#### Your goal
Pictures stay out of this copy; please retype only the lines from the start of the records through the line with "cosmodrome Estonia: Koit".

──────── Stored data ────────

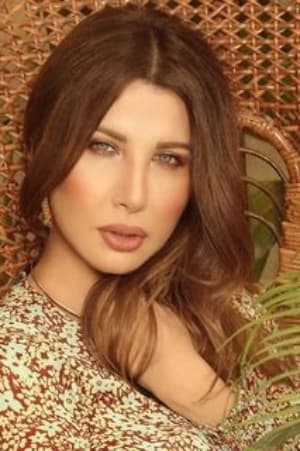 Фото  (Nancy Ajram)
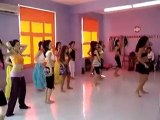sesliseviyore.net,sesliseviyore.com,sesliseviyore Oryantal dans istanbul  dans okulu süper dans ediyorlar iyi izlemeler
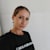 Nathalie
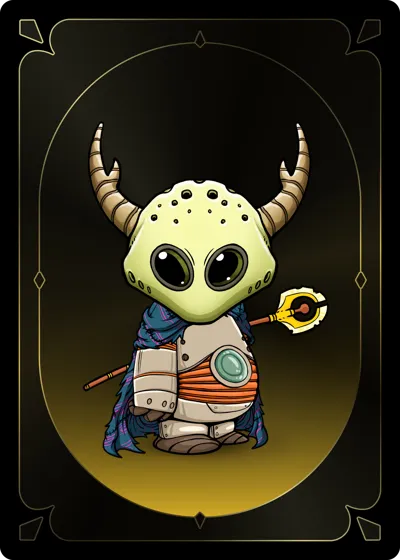 Koda #8721
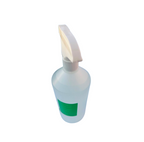 10% Cleaning Vinegar 1L
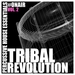 Tribal Revolution Vol 2 (Percussive House Essentials)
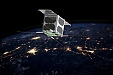 Estonia: Koit student satellite launched into orbit from Russian cosmodrome Estonia: Koit student satellite launched into orbit from Russian cosmodrome
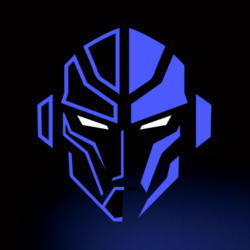 project-logo-img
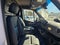 2026 Mercedes-Benz Sprinter Cargo 2500 Standard Roof I4 Diesel 144 RWD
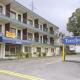Travelodge by Wyndham Chambersburg, Chambersburg (Foto 7)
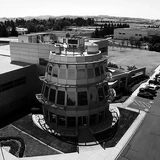 LEMO USA 1972 building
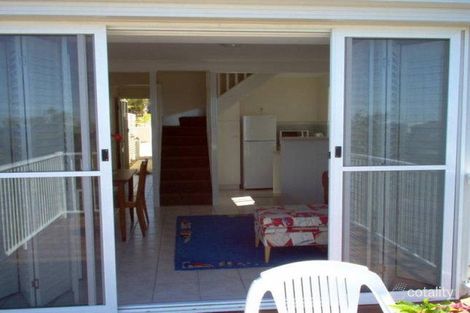 Property photo of 2/26 Ventura Street Sunrise Beach QLD 4567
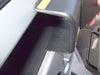 ProClip Fahrzeughalter 853844 - Winkelbefestigung - Jeep Compass 07-08, Jeep Patriot 07-08, Dodge Caliber 07-09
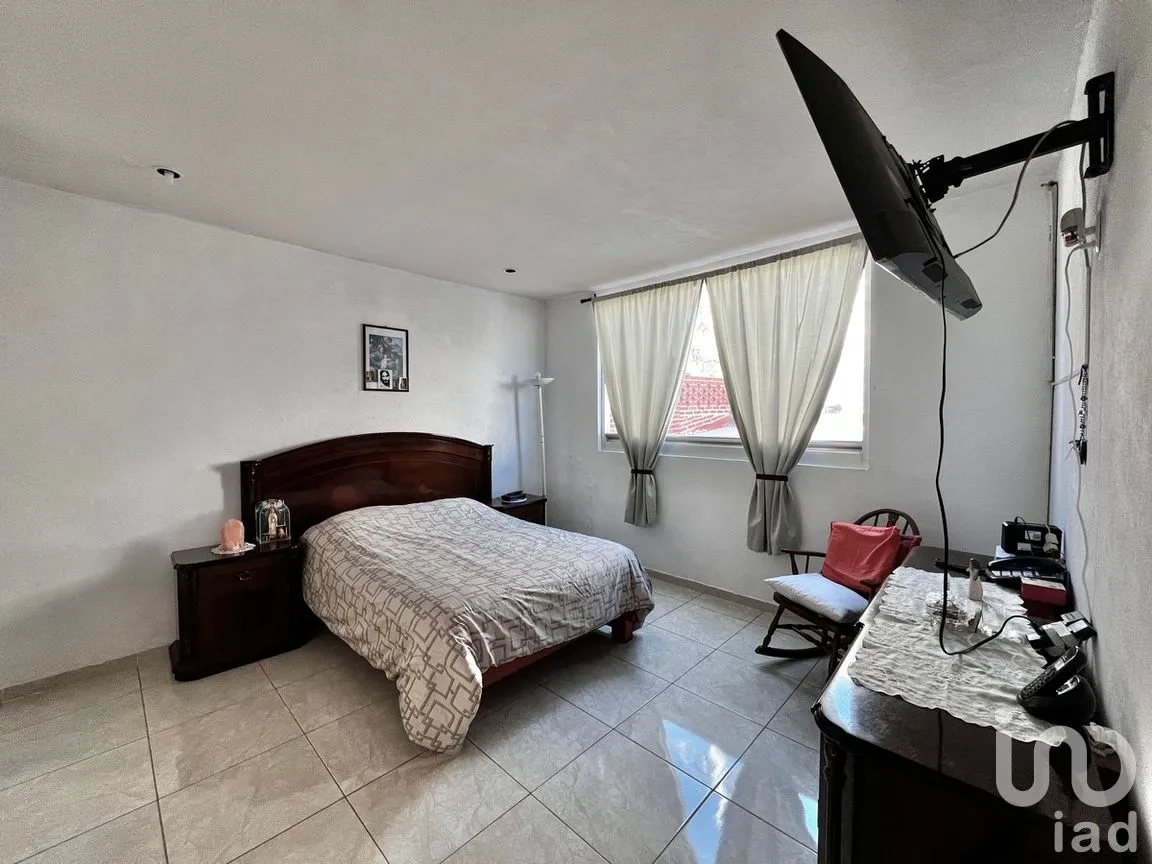 Casa en Venta en Los Girasoles, Tequisquiapan, Querétaro | NEX-280395 | iad México | Foto 15 de 24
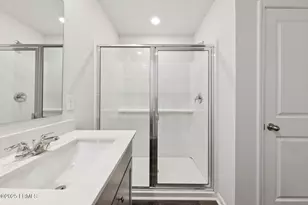 2015 Sanctum St, Ridgeland, SC 29936 - Photo 33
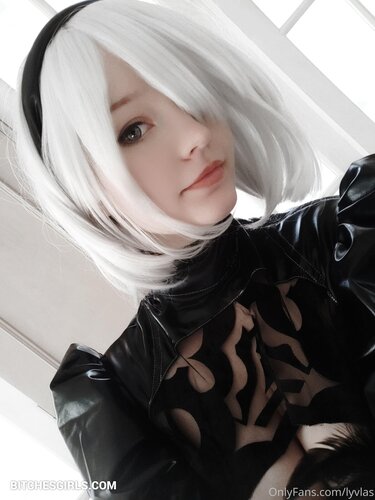 232883709519152107372958608602604022683 thumbnail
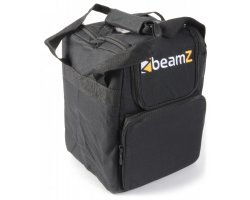 BeamZ AC-115 soft case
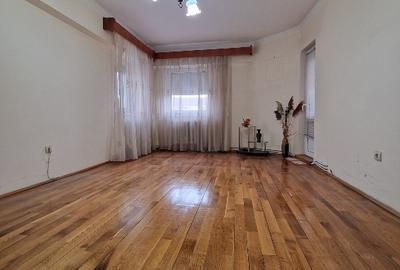 Persoana fuzica vand apartament 3 camere – zona centrală Alba Iulia - 1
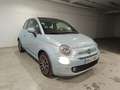 Fiat 500 1.0 Hybrid Monotrim 52kW Verde - thumbnail 3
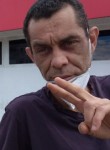 Leandro, 42 года, Divinópolis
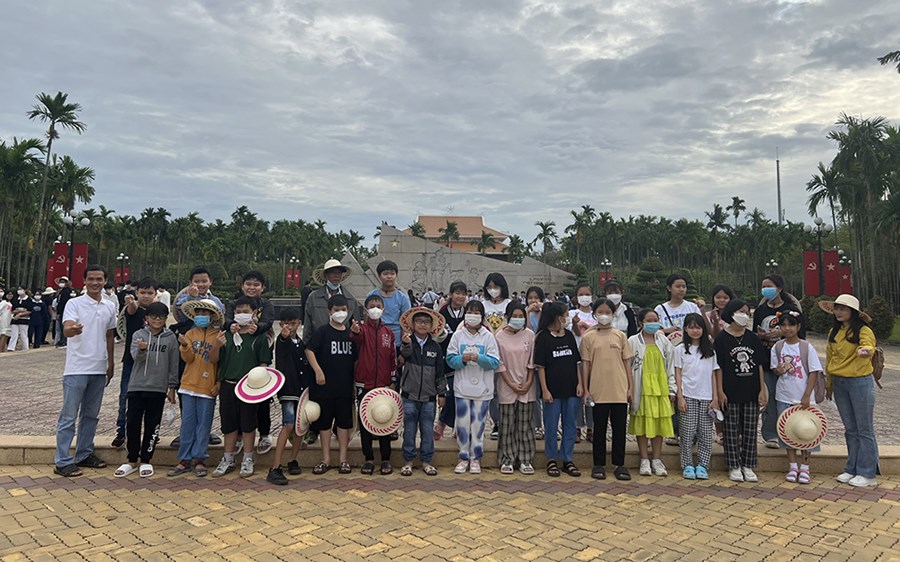 Nhấn vào ảnh để phóng to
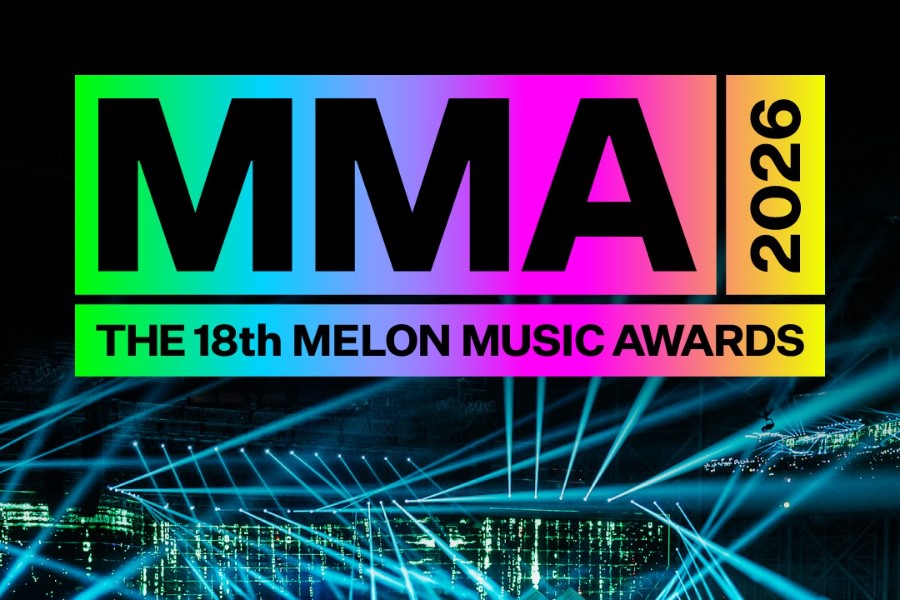 Melon Music Awards 2026 Announces First Lineup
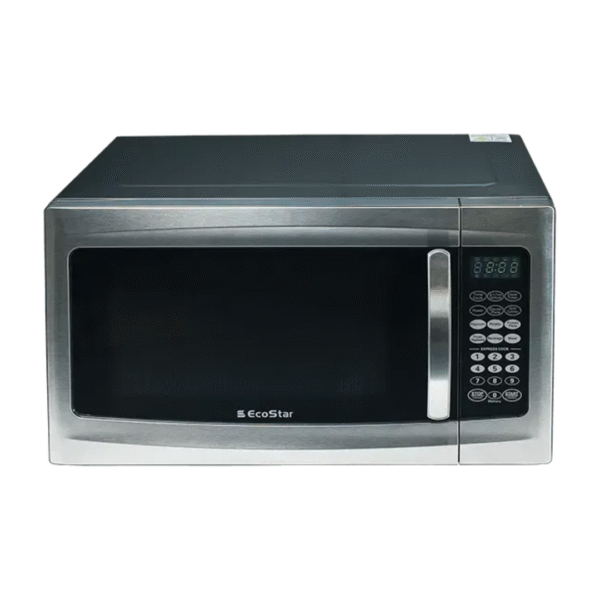 EM-4201 SDG EcoStar Microwave Oven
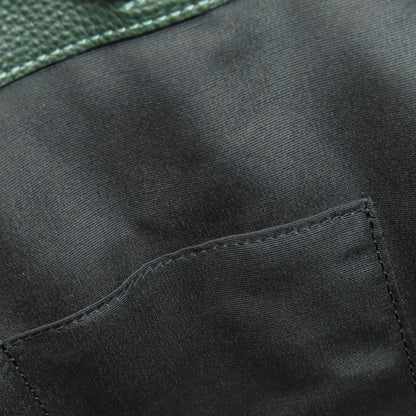 Coach C8157 Hudson Double 2-Way Tote Bag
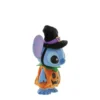 Disney Halloween Pumpkin Stitch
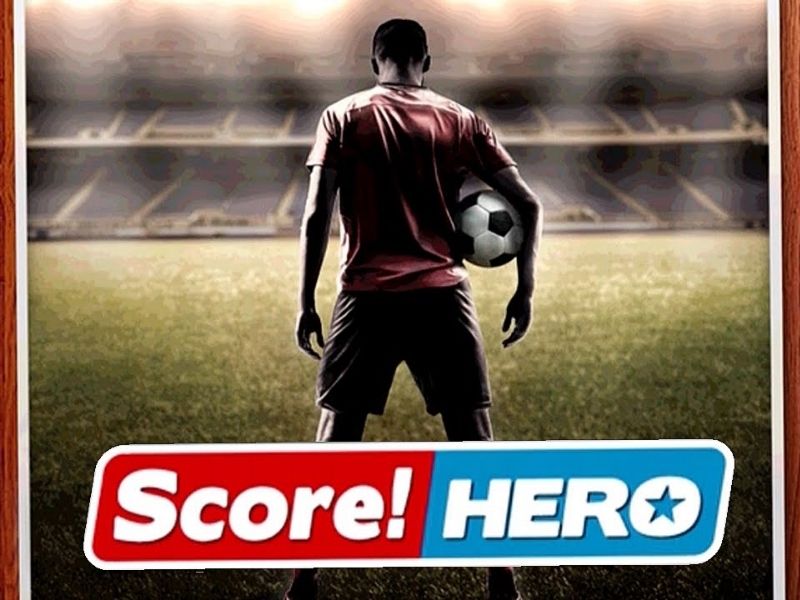 game-score-hero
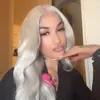 Shayla G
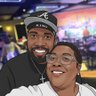 King Skillz's profile picture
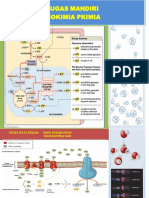Tugas Mandiri - KIMIA
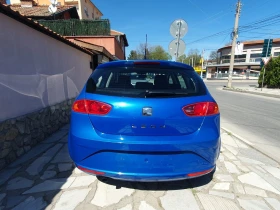 Seat Leon ?ЛИЗИНГ ?1.2 TSI.FR БЕНЗИН НАВИГАЦИЯ..., снимка 5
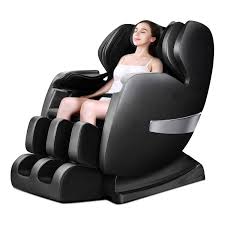 Ootori Massage Chair Recliner S Track Zero Gravity Full Body Shiatsu Luxurious Electric Massage Chair With Stretc Massage Chair Massage Electric Massage Chair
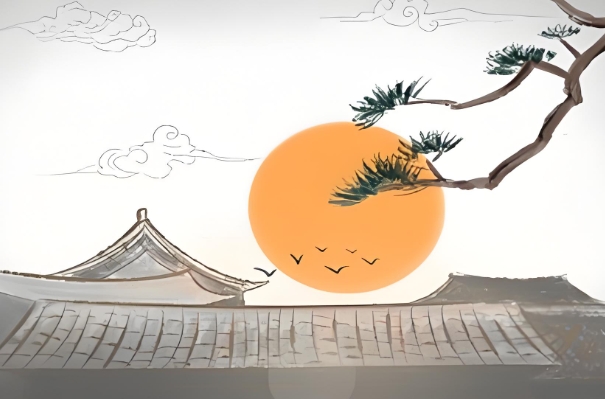 08年属什么生肖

────────

#### Your solution
 Фото  (Nancy Ajram)
sesliseviyore.net,sesliseviyore.com,sesliseviyore Oryantal dans istanbul  dans okulu süper dans ediyorlar iyi izlemeler
 Nathalie
 Koda #8721
 10% Cleaning Vinegar 1L
 Tribal Revolution Vol 2 (Percussive House Essentials)
 Estonia: Koit student satellite launched into orbit from Russian cosmodrome Estonia: Koit student satellite launched into orbit from Russian cosmodrome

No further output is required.